**EXERCISE DATA:**
• • • • •

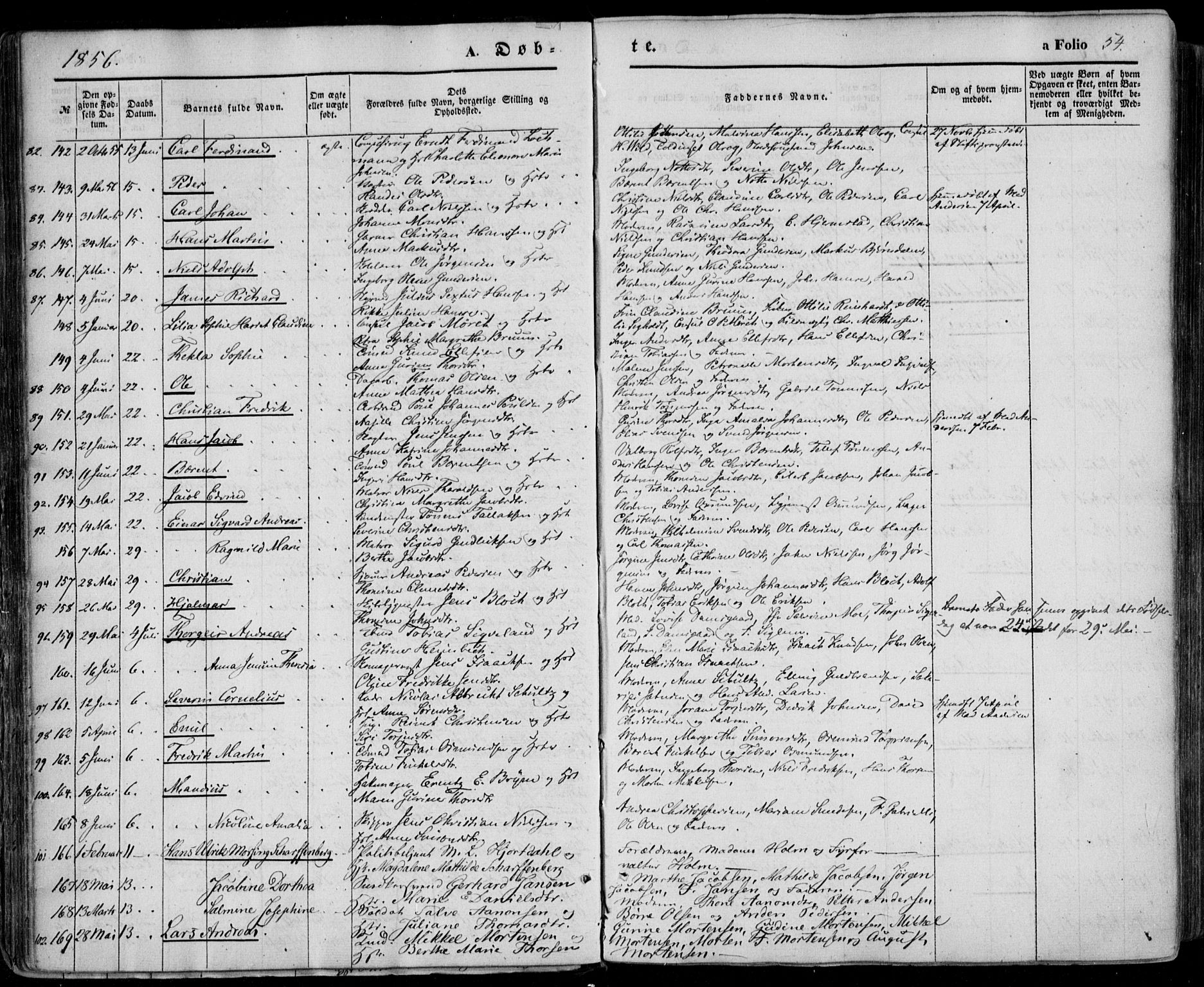 Kristiansand domprosti, AV/SAK-1112-0006/F/Fa/L0014: Ministerialbok nr. A 14, 1852-1867, s. 54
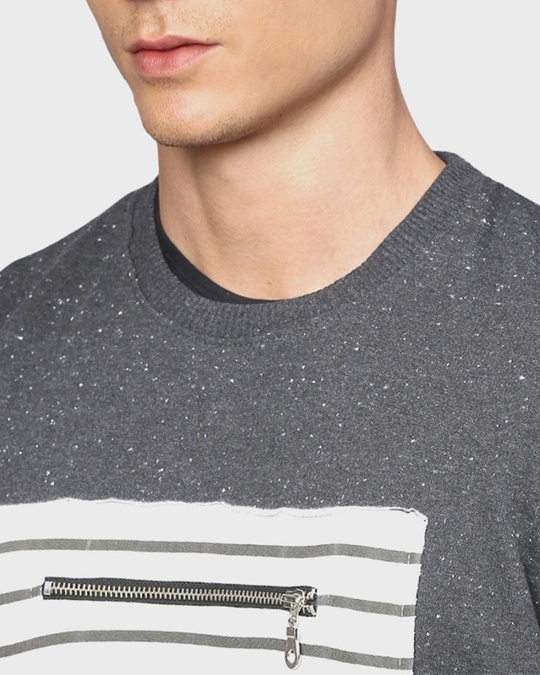 Shop Men's Black Striped Full Sleeve Stylish Casual Sweatshirt-Full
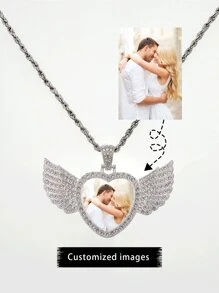 1 pieza Collar personalizado con colgante de metal en forma de ala de ángel y corazón redondo, estilo europeo, unisex, regalo para novio, novia, amigos, boda, San Valentín, Día del Padre, Día de la Madre, cumpleaños, joyería decorada con cristales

• • • • •

**HOW TO COMPLETE THIS TASK:**
Repeat the material above exactly; pictures do not belong in the copy.

**EXERCISE ANSWER:**
 Kristiansand domprosti, AV/SAK-1112-0006/F/Fa/L0014: Ministerialbok nr. A 14, 1852-1867, s. 54
 Shop Men's Black Striped Full Sleeve Stylish Casual Sweatshirt-Full
 1 pieza Collar personalizado con colgante de metal en forma de ala de ángel y corazón redondo, estilo europeo, unisex, regalo para novio, novia, amigos, boda, San Valentín, Día del Padre, Día de la Madre, cumpleaños, joyería decorada con cristales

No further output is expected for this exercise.